Democrat Pete Gallego is challenging U.S. Rep. Will Hurd for the sprawling CD-23 seat. Hurd won the swing seat from Gallego two years ago; no incumbent has won a second term in eight years. Photo courtesy Official House.
SAN ANTONIO –U.S. Rep. Will Hurd claimed victory in his re-election bid Tuesday night, becoming the first incumbent to hold onto the Texas 23rd District in eight years.
“We won this thing because of y’alls hard work,” Hurd, a Republican, said shortly after midnight at his campaign’s official watch party on Hotel Eilon in San Antonio, his hometown. “We won because y’all believed that we could win. We won because y’all worked harder, because y’all cared, because this district recognizes a lot more work needs to be done.”
Hurd claimed victory over an old rival for the second time, Democratic former U.S. Rep. Pete Gallego in the state’s only competitive federal district on Tuesday night, on the heels of Donald Trump’s apparent election to the presidency.
See the latest results here.
In his remarks delivered around 1 a.m., Gallego said he called Hurd to congratulate him – ending a bitter campaign on what appeared to be a collegial note.
Gallego acknowledged the devastation his party faced nationally.
“There is a lot of concern and trepidation,” he said, alluding to the likely ascension of Trump to the White House.
“One thing I’ve learned: We are a resilient nation,” Gallego continued. “The sun rises tomorrow.
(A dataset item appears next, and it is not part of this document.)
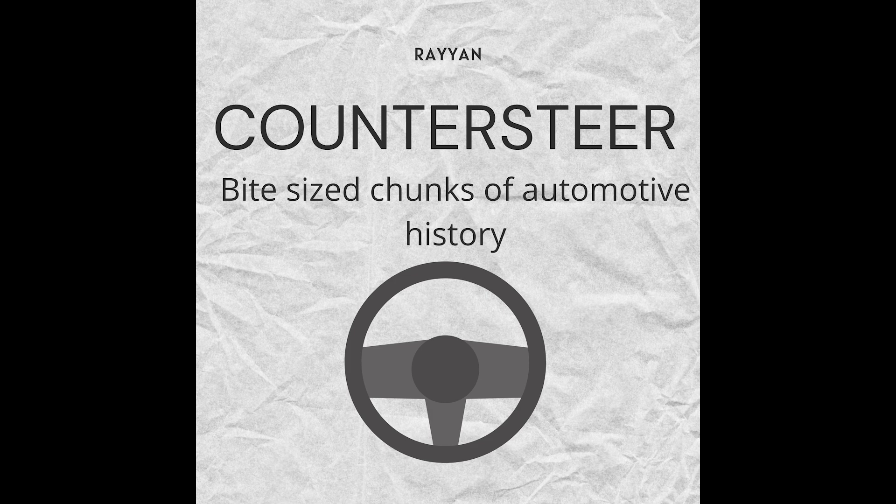So that wraps up another episode of Counter-Share. Hopefully you learned something new or just had something to listen to. The next episode will be on Max Hoffman — I didn't know that much about him myself, but researching it, he's actually a really cool dude. Have a nice day, I'll catch you later.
It’s a new day. And we begin putting one foot in front of the other as we have every other day for generations’ and generations’ past and as I know we will for generations to come.”
Hurd’s win was one of many blows to the Democratic party nationwide – he was considered one of the most vulnerable House Republicans and among the easiest pick ups for the Democrsts.
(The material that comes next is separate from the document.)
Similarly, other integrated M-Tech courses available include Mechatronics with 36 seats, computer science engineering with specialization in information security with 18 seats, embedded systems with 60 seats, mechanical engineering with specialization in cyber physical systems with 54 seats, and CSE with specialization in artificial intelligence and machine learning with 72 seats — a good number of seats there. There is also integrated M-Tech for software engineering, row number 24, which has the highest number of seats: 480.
The conventional wisdom was that Trump’s anti-Mexican rhetoric could be an albatross around Hurd’s neck and Gallego staked his entire campaign around tying Hurd to Trump.
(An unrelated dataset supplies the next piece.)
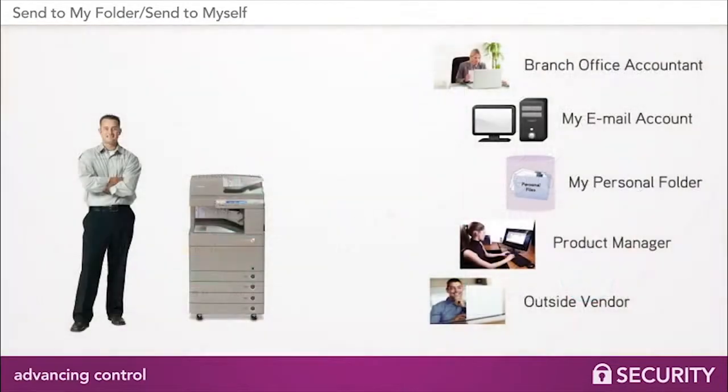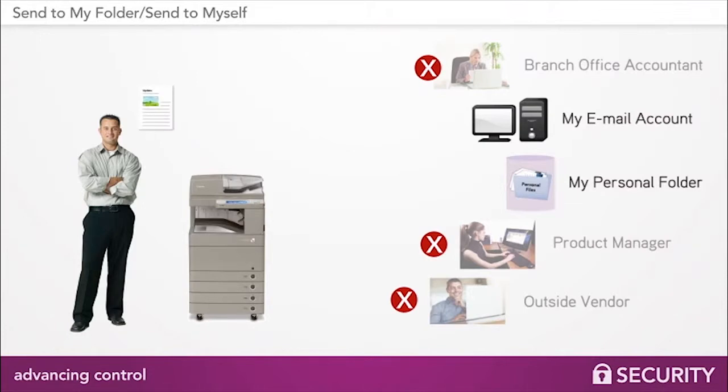This way, once a user authenticates, their task becomes a simple one-button process. The resulting file from any document they scan can be sent directly to their email account or to their Home Directory Network folder.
Hurd, a former undercover CIA officer, repudiated his party’s nominee upon the release of a vulgar video showing Trump boasting about groping women.
Trump, however, outperformed expectations nationally and appeared to help Hurd with at least some voters in the district.
“I voted for Donald Trump because I think he’s good for America,” said Daniel Arevalo, a salesman voting Tuesday at McCollum High School in San Antonio. “I don’t think Hillary has any business-sense and he does and in my opinion he’ll do better for us than she will. I voted for Will Hurd just for the Republican ticket.”
Hurd ran one of the best executed and funded Congressional campaigns the state has ever seen. The hope among some Texas Republicans is that he can hold onto the seat long enough and build enough constituent loyalty that he can cease the flip flop nature of the district until the next round of redistricting.
Hurd’s win bolsters U.S. House Speaker Paul Ryan’s standing among House Republicans. Ryan was a strong supporter of Hurd’s re-election, and Hurd’s presence in the GOP conference eases Ryan’s path to a second term as the House GOP leader.
Just like every cycle, the 23rd Congressional District is all-but-certain to be a top target for the opposition.
But the environment will have changed from the last two midterms. Over the last eight years, Republicans did well in those cycles, thanks to a combination of lower voter turnout and as a backlash to the Obama administration.
Prior to serving in Congress, Gallego was a longtime member of the Texas House. Once in Washington, he became a sentimental favorite among House Democrats, as senior members recruited him to run against Hurd just days after his 2014 loss. House Minority Leader Nancy Pelosi signaled throughout the 2016 cycle that winning this seat was a top priority of her political agenda.